This is for the girls on the BL S&S thread. I know I don't speak very much that's because I'm from Spain and all of you are online while I'm sleeping but I really enjoy the time I spend there and I really love reading everything you write about BL. Thank you for let me share my BL love with you.
Núria
Brooke's POV
It was the thursday before the wedding, I was stressed and I couldn't think of anything that could make me feel better. Julian was back in Tree Hill for the big day and he brought Missy as his date. Missy. Yes, the girl who was supposed to play me in the film. Funny. But...why was I complaining? I deserved that. He told me he loved me and I didn't say it back. He wanted me to move in with him to California and I said no. But God, I only knew him for a month. What was I supposed to do?

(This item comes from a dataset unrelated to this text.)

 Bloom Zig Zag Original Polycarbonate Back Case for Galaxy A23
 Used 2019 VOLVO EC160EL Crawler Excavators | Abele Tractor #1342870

"Brooke, Are you listening to me?" said Peyton who was complaining about her baby bump.
"Sorry, I was just absent. , stop complaining, you look gorgeous with that dress."
"Thank you my amazing maid of honor. Of course you say I'm gorgeous and that's because you don't have this awful bump... You'll be much prettier than me."
"That's the price you have to pay for you pregnancy" I said trying to be funny.
"Very funny. Can you go to the bedroom and pick my shoes? They're on the closet, on the upper shelves."
I smiled back at her and went to the bedroom where I used to live in back in junior year. I opened the closet and while I was trying to reach the box something fell on my head. I picked it up and realize it was a book. On the front cover there was a picture of a box full of letters and the title was: "Meant to be". I opened the book and saw a picture of Lucas and me back in senior year when we used to date, at the front there was a quote that it said: "People that are meant to be together always find their way in the end." Brooke Penelope Davis. I was on the verge of tears.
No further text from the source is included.